/KWordList

This is a script to build word lists for the Korean language based on user's corpus.

Primary LanguagePythonGNU General Public License v3.0GPL-3.0

KWordList

KWordList is a small program that can create word lists based on Korean language corpora. The program was developed as a part of the Master of Applied Linguistics Thesis by Olga Kriukova (University of Saskatchewan). If you want to use your code in your study, you are more than welcome to do so, but please cite this thesis (citation format may be found below), if you use it for your research.

In this repository, you can find two files: KWordList_source and KWordList_GUI. The first one contains a raw script that was used in my study, and that can be reused with minor changes (directory, criteria values, etc.). The second one is a beta version of the program with GUI (Graphical User Interface) that may be used in Python and do not require any changes to be done in the code by the user. An executable file for the second version will appear soon here and on the www.topik-tips.com website.

Description

  1. KWordList takes a corpus or corpora in .txt format as an input (all your files should be in one directory).
  2. KWordList deletes all non-Korean symbols from the uploaded corpus to allow accurate word counting.
  3. KWordList tags parts of speech (POS) and lemmatizes all the words in the uploaded corpus. Note: For this purpose, the KoNLPy package was used (Park & Cho, 2014). KWordList can tag POS with Mecab, Kkma, and Okt taggers. The taggers detailed description, performance comparison, other useful information may be found on the KoNLPy website https://konlpy.org/en/latest/morph/. Personally, for small size corpora, I would recommend Kkma, for larger corpora – Mecab.
  4. KWordList excludes the general and/or academic vocabulary from the list of the words that occurred in your corpus. Note: In the KWordList interface, you can choose what levels to exclude (Korean Learner’s List (Jo, 2003): Beginner(A), Intermediate(B), Advanced(C), or Academic Vocabulary List (Shin, 2004).
  5. KWordList measures a range of each word. Note: In this study, the range is in how many sub-corpora a specific word has occurred. If you use KWordList to build a list for one text file, please set the range value to 0. In other cases, the range depends on the study.
  6. KWordList measures a frequency of the words that have passed the range criteria. Note: You can set your frequency criteria.
  7. KWordList measures dispersion (deviation of proportions or DP (Gries, 2008)). Note: This value can show how evenly a word is distributed across sub-corpora. The closer the value to 0, the better is the distribution. The closer the values to 1, the worse is the distribution. You can set your DP criteria, or if you do not need it, just set it to 1 in the program.
  8. KWordList searches for the collocations for the words that passed all the criteria.
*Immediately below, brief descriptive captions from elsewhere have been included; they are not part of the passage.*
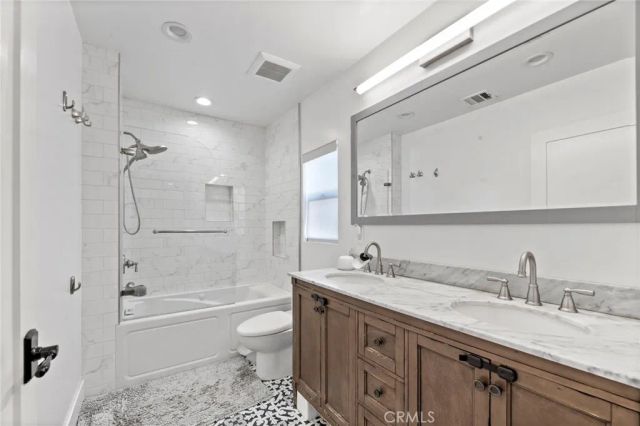 14729 Bassett, Van Nuys, CA 91405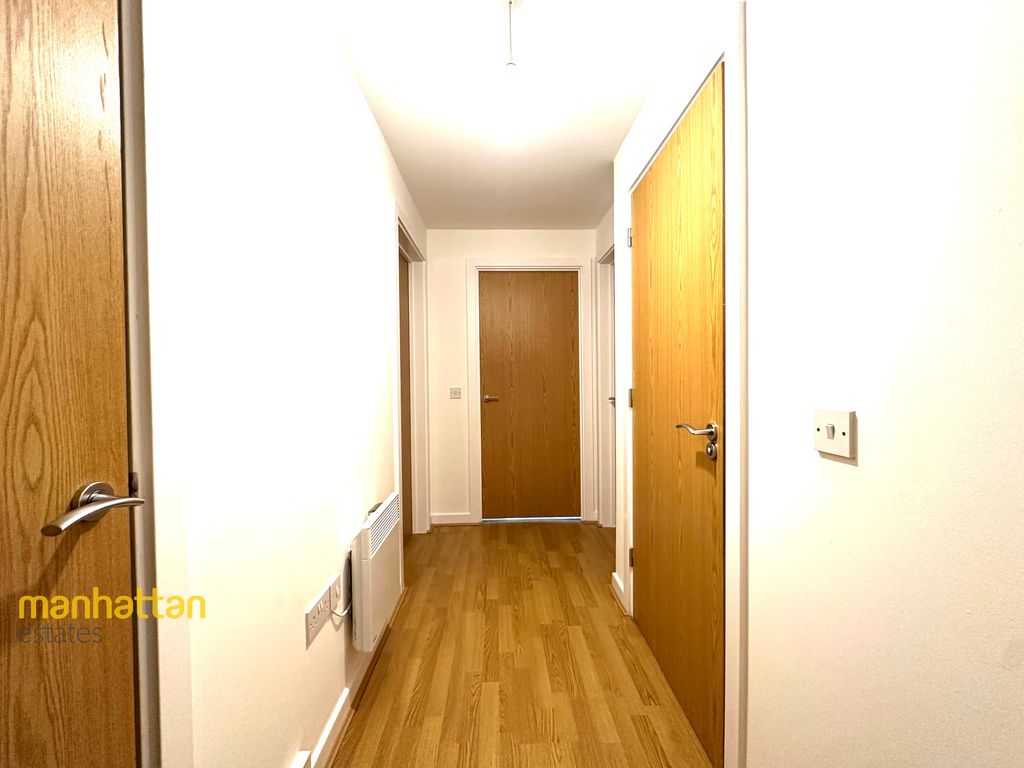 Property photo 2 of 11 Hallway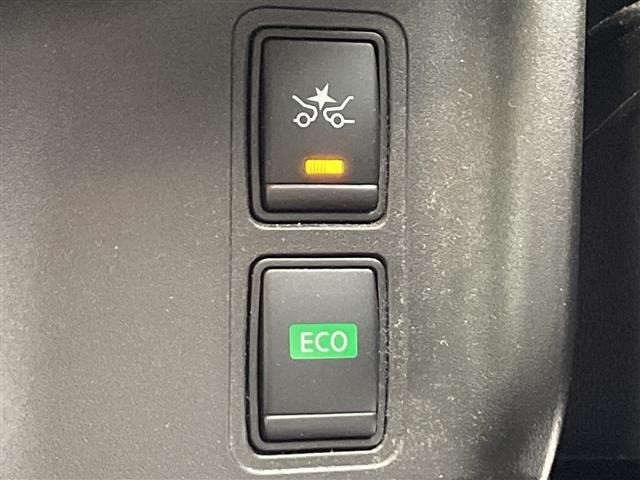 Nissan SERENA 2018 8511098-2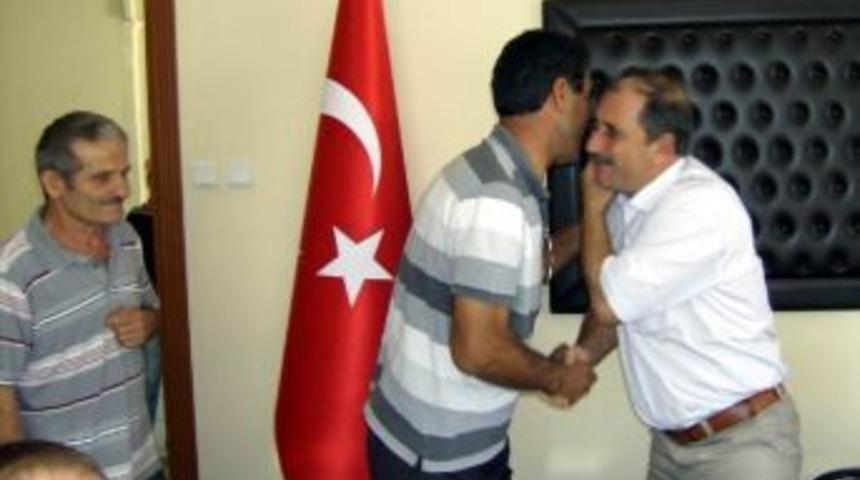 Kadık&ouml;y&rsquo;de Bayramlaşma Coşkusu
Note: If you do not need collocations, just choose “No” in the interface.
  9. KWordList counts the coverage of your corpus by your list, by Korean Learner’s List(Jo, 2003), and by Korean Academic Vocabulary List (Shin, 2004).
  10. KWordList gives you a .csv (Comma Separated Values) file output, and if you choose to have statistics, a .csv file with coverage percentages and .txt files with the words that were excluded by Korean Learner’s List and (if required, Academic Vocabulary List). Note: To open your .csv file, please open a blank notebook in your Microsoft Ofice Excel (or equivalent) first. Then, open “Data” -> From Text/CSV. In opened explorer, choose your .csv location. Then, in opened preview, click on the “File origin” dropdown menu and choose 65001: Unicode (UTF-8). After that, press “Load”. Your results are ready!

Please note: that some extra features are planned to be added soon.

References

Bird, S., & Loper, E. (2009). Natural Language Processing with Python. O’Reilly Media Inc.
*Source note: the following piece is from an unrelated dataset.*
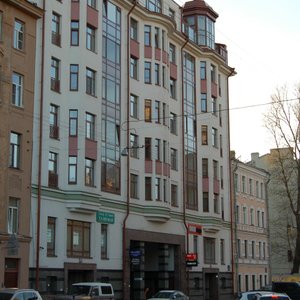 здание в котором находится отель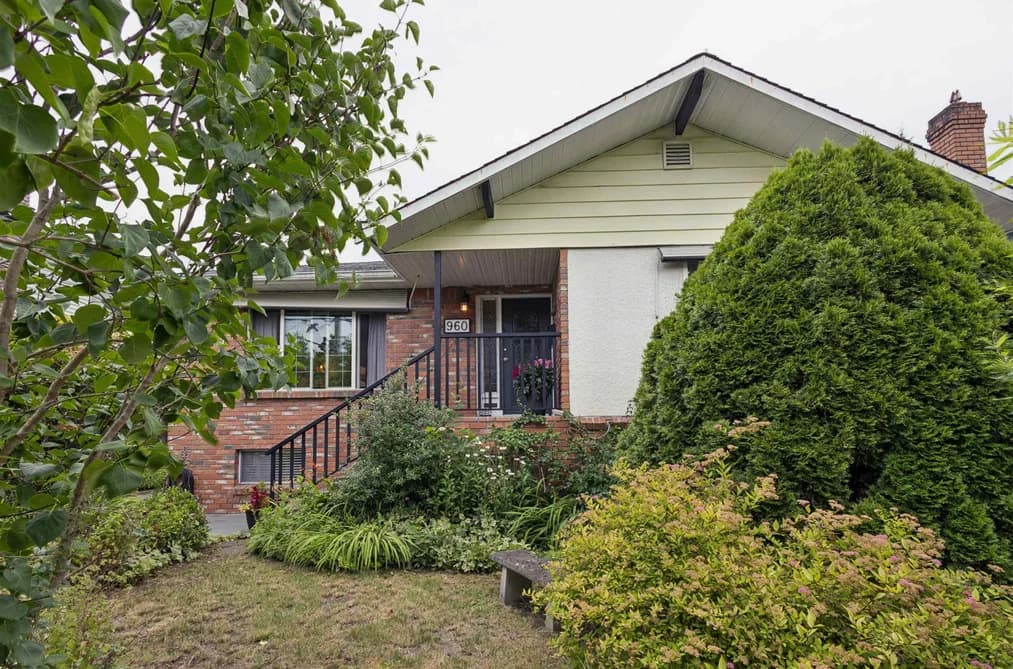 960 CLIFF AVENUE, Burnaby, BC — Residential for Sale - Main Photo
Gries, S. T. (2008). Dispersions and adjusted frequencies in corpora. International Journal of Corpus Linguistics, 13(4), 403–437.

Jo, N. (2003). Hangugeo hakseubyong eohwi seonjeong gyeolgwa bogoseo [Report on the results of vocabulary selction for learners of Korean]. Seoul: National Institute of Korean Language.
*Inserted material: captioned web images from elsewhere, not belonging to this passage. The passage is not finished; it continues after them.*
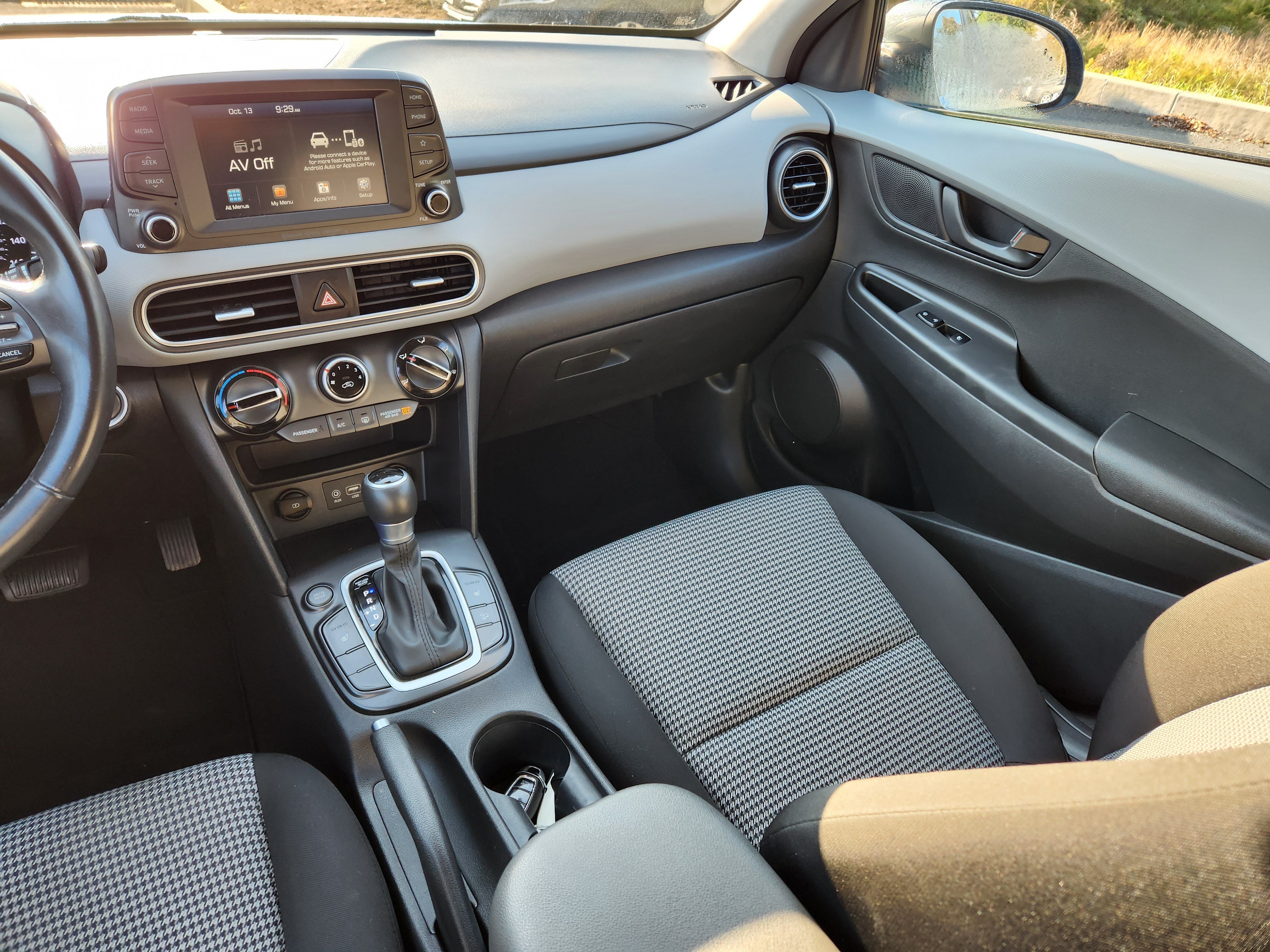 Used 2019 Hyundai Kona SEL FWD image 14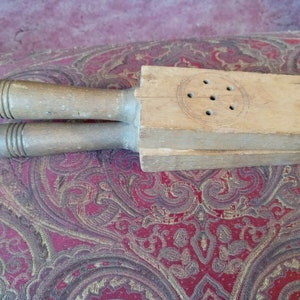 Antique Wooden Garlic Press/Lemon Juicer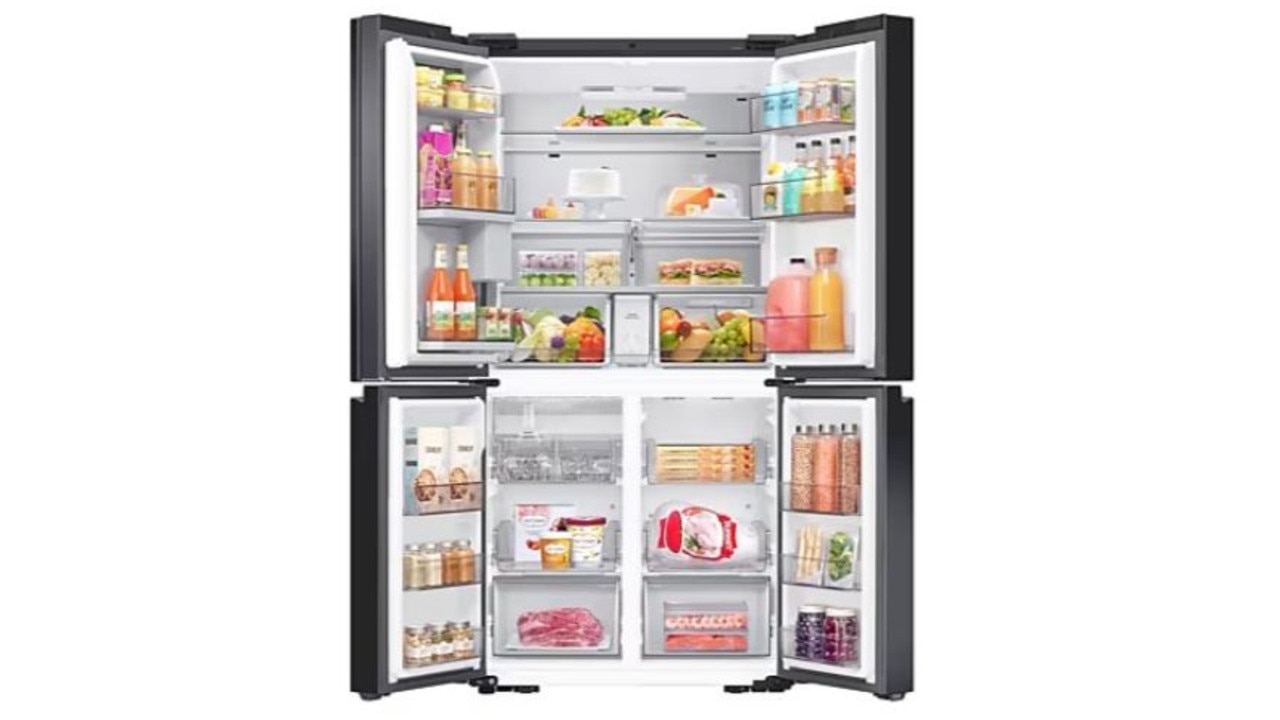 Save a huge $500 on the amazing 636L AI Family Hub French Door Refrigerator. Picture: Samsung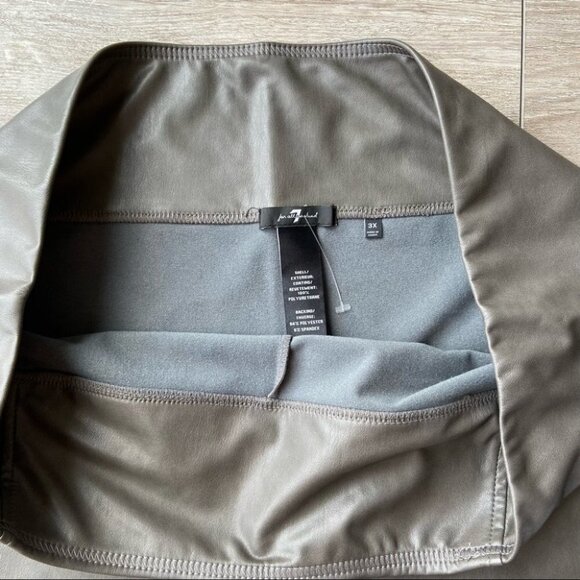 NWT 7 For  All Mankind Faux Leather Legging - Picture 6 of 12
Park, E. L., & Cho, S. (2014). KoNLPy: Korean natural language processing in Python. In Proceedings of the 26th Annual Conference on Human & Cognitive Language Technology. Chuncheon.

Shin, M. (2004). Gugeo sagodogueo gyoyung yeongu [A study on Korean academic vocabulary education]. Seoul National University.

Citation

Kriukova, O. (2020). Creating a Korean Engineering Academic Vocabulary List (KEAVL): Computational Approach. University of Saskatchewan.